4-1. ダウンブローの意識が「浮力」を生む
ボールを高く上げるためには、意外かもしれませんが、ヘッドを上から緩やかに入れる ダウンブロー の意識が必要です。
理論的に、ボールの下に潜り込ませようとして下から上に振ると、クラブの刃(リーディングエッジ)がボールに当たってミスを誘発します。逆に、ロフトを信じて上から優しく叩くことで、ボールとフェースの間に適度な摩擦が生まれ、ボールがフェース面を駆け上がるようにして高弾道とスピンが発生します。
イメージとしては、 「坂道にあるボールを、下から突き上げるのではなく、坂に沿って滑らせる」 ような感覚です。
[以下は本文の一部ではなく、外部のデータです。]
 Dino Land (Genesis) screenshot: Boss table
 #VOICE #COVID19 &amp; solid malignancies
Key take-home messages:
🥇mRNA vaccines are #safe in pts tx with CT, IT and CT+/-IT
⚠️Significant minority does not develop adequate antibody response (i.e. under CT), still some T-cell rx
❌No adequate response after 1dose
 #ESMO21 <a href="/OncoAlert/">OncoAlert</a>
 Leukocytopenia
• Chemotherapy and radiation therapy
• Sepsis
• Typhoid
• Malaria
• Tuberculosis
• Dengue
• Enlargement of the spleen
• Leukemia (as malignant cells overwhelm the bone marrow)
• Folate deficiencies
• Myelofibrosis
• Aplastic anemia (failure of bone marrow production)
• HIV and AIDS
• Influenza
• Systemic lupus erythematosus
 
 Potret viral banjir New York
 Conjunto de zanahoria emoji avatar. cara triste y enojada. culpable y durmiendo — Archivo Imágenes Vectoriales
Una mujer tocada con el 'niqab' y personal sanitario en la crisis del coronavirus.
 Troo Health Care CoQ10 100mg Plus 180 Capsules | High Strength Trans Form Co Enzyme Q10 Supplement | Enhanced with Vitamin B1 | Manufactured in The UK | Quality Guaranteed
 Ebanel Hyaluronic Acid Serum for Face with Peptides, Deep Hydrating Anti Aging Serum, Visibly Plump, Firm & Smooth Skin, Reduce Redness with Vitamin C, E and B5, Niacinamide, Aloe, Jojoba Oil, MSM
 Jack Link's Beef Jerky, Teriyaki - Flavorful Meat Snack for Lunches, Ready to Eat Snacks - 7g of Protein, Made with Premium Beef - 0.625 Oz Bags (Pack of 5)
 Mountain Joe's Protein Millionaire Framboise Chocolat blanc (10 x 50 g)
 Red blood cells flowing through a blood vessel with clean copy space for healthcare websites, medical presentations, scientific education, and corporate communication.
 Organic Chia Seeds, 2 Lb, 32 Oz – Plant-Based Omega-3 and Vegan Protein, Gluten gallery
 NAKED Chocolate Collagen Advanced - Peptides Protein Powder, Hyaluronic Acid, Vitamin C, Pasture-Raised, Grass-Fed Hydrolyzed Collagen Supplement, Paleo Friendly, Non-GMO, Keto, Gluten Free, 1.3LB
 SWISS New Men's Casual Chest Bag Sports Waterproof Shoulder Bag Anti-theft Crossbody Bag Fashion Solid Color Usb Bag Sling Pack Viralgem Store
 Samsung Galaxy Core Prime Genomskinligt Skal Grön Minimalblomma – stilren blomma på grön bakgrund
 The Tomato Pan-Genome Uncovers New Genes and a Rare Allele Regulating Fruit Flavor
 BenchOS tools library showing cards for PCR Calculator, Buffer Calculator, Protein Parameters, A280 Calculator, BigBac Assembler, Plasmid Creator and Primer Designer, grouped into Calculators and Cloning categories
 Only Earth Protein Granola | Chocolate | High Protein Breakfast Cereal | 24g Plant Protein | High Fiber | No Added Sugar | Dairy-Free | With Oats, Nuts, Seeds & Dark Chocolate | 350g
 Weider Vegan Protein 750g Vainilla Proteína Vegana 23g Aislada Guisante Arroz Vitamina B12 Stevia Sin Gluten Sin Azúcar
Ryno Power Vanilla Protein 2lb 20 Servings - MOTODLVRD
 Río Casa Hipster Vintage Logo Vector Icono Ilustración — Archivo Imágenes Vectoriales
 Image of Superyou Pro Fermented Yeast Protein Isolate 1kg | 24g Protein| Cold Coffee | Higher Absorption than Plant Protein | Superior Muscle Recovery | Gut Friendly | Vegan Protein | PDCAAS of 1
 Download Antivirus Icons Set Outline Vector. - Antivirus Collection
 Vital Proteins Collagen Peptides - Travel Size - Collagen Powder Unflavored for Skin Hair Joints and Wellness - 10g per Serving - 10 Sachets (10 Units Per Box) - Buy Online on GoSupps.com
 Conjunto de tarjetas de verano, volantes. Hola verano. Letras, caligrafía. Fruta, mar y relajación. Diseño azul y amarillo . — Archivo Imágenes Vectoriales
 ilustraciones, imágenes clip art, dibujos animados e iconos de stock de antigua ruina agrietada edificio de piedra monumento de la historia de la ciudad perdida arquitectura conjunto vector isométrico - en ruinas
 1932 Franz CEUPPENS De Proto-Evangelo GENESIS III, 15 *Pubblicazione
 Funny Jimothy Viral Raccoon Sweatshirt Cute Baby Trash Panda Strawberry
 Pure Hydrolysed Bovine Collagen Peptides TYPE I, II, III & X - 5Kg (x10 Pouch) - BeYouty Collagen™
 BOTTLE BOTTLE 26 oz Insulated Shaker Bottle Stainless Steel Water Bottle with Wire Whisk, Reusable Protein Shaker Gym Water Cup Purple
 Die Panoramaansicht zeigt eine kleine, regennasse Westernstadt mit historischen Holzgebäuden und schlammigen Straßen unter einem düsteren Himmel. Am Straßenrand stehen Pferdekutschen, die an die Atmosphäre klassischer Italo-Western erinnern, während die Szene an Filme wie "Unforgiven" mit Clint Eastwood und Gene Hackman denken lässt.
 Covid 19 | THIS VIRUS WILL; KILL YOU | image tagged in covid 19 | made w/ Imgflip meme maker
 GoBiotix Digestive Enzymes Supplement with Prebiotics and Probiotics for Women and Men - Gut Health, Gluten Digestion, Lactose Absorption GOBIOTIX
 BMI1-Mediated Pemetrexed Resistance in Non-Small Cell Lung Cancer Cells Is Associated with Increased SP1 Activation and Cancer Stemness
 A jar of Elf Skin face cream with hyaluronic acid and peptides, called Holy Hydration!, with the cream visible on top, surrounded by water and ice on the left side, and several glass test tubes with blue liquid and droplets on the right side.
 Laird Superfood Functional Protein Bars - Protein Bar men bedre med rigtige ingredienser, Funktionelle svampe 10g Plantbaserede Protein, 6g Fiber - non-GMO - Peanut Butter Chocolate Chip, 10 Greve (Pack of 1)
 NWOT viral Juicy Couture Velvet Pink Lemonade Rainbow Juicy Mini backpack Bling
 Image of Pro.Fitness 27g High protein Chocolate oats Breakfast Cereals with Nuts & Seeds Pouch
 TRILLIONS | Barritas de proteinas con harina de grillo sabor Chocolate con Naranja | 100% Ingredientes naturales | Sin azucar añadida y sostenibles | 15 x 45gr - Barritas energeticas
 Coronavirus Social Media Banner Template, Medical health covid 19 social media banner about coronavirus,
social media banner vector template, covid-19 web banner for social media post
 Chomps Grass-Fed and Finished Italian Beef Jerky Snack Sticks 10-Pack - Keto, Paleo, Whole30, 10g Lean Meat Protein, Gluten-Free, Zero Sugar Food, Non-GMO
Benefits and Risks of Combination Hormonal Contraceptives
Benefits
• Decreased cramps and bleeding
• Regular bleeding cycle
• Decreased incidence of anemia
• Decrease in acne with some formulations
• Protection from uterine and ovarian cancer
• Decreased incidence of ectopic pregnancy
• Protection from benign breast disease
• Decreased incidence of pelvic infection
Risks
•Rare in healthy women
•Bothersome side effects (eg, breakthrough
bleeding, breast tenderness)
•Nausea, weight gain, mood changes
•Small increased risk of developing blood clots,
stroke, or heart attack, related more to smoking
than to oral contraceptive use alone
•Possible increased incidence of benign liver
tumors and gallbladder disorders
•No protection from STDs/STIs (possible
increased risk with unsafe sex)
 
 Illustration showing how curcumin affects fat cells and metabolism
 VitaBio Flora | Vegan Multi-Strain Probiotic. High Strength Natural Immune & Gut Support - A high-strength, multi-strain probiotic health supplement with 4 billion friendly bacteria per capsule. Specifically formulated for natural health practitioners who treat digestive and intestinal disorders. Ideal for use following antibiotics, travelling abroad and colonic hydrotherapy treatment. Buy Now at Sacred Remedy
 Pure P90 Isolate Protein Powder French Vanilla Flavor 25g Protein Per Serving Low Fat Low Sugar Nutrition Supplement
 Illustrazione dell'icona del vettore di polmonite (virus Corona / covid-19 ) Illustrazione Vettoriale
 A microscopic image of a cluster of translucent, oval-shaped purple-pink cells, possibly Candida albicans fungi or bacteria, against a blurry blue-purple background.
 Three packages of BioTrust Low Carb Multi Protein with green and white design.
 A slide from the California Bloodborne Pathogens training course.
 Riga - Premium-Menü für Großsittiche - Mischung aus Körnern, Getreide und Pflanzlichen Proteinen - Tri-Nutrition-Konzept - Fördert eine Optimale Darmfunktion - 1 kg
上からコンタクトすることで、ボールはフェースの傾斜に従って自然と空へと飛び出していきます。
低い位置から払おうとせず、ヘッドの重みを利用してボールの重なり合う一点を正確に叩くことに集中しましょう。
4-2. ソール(バンス)を滑らせる感覚
- コツ: ボールの手前の芝をヘッドの底(ソール)で「パンッ」と叩くイメージ。地面を叩く反動を利用して、ボールを優しく持ち上げます。
上げるアプローチを成功させる最大のコツは、ヘッドの底にある膨らみである ソール(バンス)を地面に滑らせること にあります。
地面に突き刺すのではなく、ボールの手前の芝をソールで 「パンッ」 とはたくように打ちます。こうすることで、地面との反発力が生まれ、ヘッドがボールの下を滑り抜けるスペースが確保されます。フェースがボールを拾い上げるのではなく、ソールが地面を滑った結果としてボールが浮き上がるのが、最もミスに強い打ち方です。
例えるなら、 「水切りの石を投げるように、水面で石を跳ねさせる動作」 です。鋭角に突き刺すのではなく、表面を滑らせることで、ボールを優しく、かつ高く運ぶことができます。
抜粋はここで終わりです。